Patient, plodding, a green skin
growing over whatever winter did to us, a return
to the strange idea of continuous living despite
the mess of us, the hurt, the empty. Fine then,
I’ll take it, the tree seems to say, a new slick leaf
unfurling like a fist, I’ll take it all.

Profile Image for merce.
80 reviews7 followers
November 14, 2022
god this makes it seem like i’ve been reading this all year. (which is good i did just say i don’t like reading poetry books in one sitting) i have nothing to say about this collection except how stunning and heart wrenching it was (as everything i’ve read by ada limon) and how delighted i am at the prospect of rereading it again and again and again

“it’s the greening of the trees / that really gets to me / (…) a return / to the strange idea of continuous living despite / the mess of us, the hurt, the empty”

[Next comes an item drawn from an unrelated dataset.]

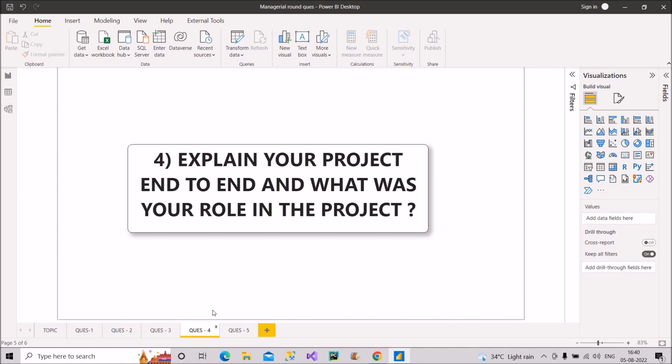So the answer of this question will be very specific to what you have done in your project. Tell about the sources of data from where you pull the data, where you do the ETL part, then after pulling it, where you do the extraction, transformation and loading part, and then at last the visualization part. So all those things you have to mention and in detail.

Profile Image for Lyd Havens.
Author 10 books71 followers
August 31, 2020
I have wanted to read this since it was first released 2 years ago, & for one reason or another only just got to read it. Beyond worth the (self-imposed?) wait, and everything I needed right now. If you're also struggling to find hope right now, this collection might help.
Profile Image for Pyramids Ubiquitous.
495 reviews25 followers
August 24, 2022
Very good modern poetry imbued with the loves and frustrations of the quotidian. The voice and impact stand out more than the wordplay, and Limon does a great job of asserting herself in these pieces. There is a good range in mood, and the subject matter is primarily focused on nature, animals, daily struggles. The Carrying highlights the importance and fragility of everyday life.